Data Wrangling Course

James Howison's Data Wrangling course from the Information School at the University of Texas at Austin.

We will read CSV using the csv library. Relevant screencast is here: Reading CSV Files

When we read the csv it arrives at Python as a list of dictionaries. Thus when we read this csv in python it looks like the structure below:

id,name,capacity
1,AMD,700
8,Bud Light,2000
3,Austin Kiddie,2300
4,Austin Ventures,2000
venues = [
           {'capacity': 700, 'id': 1, 'name': 'AMD'},
           {'id': 8, 'capacity': 2000,  'name': 'Bud Light'},
           {'capacity': 2300, 'id': 3, 'name': 'Austin Kiddie'},
           {'id': 4, 'capacity': 2000,  'name': 'Austin Ventures'}
          ]

This is a list with one dictionary per row. Each row has all of the headers.
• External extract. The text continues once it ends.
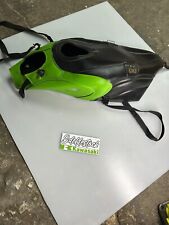 Tapis réservoir bagster d'occasion  Verneuil-l'Étang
Because it arrives as a list, we retain whatever order we asked for in an SQL query, so later we can use ORDER BY to order the rows however we want. We don’t need to sort in python.

We will iterate through the results using a for loop. The first thing we should do is print each row using pprint

import pprint

for row in venues:
    print("Next row:")
    pprint.pprint(row)

This enables us to see how to access individual fields:

Next row:
{'capacity': 700, 'id': 1, 'name': 'AMD'}
Next row:
{'capacity': 2000, 'id': 8, 'name': 'Bud Light'}
Next row:
{'capacity': 2300, 'id': 3, 'name': 'Austin Kiddie'}
Next row:
{'capacity': 2000, 'id': 4, 'name': 'Austin Ventures'}

So we can print out the capacities by using the key from the row dictionary: row['capacity'] (note that there is no difference here between using single and double quotes)

for row in venues:
    print("Next row:")
    print(row["capacity"])

Exercises:

  1. Print the names of each venue
  2. Print the names and capacities of each venue in a sentence.
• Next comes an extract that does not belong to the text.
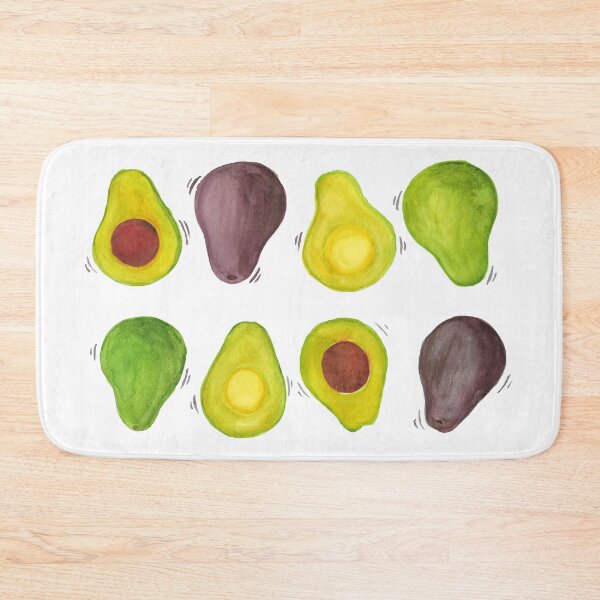 Item preview, The Avocado Dance Shake designed and sold by Ann Umer.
When we have access to a field (which we show we have by printing) we can do anything we can do to any string or int in python. For example we can make the name print out in lower case using the str.lower() method.

for row in venues:
    print("Next row:")
    print(row["name"].lower())

Exercises:

  1. Make the Venue names print in upper case.
  2. Print the capacity minus 120 seats
  3. Print the length of the venue names.

Reading from a CSV file

Above we manually defined our data as a list of dicts. But we want to read from a csv file directly. We do this with code from a library called csv that way we don’t have to handle all the intricate rules about things like quotes inside fields etc.

Copy this data and save to a file called venues.csv in the same folder as your script this code will read and print out each row as a dict.

"id","name","capacity"
"1","AMD","700"
"2","Honda","2000"
"3","Austin Kiddie Limits presented by H-E-B","2300"
"4","Austin Ventures","2000"
"5","BMI","2000"
"6","Vista Equity","2000"
"7","Google+","2000"
"8","Bud Light","2000"
"9","Auditorium Shores","2000"
"10","Auditorium Shores2","2000"
import pprint
import csv

with open('venues.csv') as csvfile:
  # tell python about the specific csv format
  myCSVReader = csv.DictReader(csvfile, delimiter=",", quotechar='"')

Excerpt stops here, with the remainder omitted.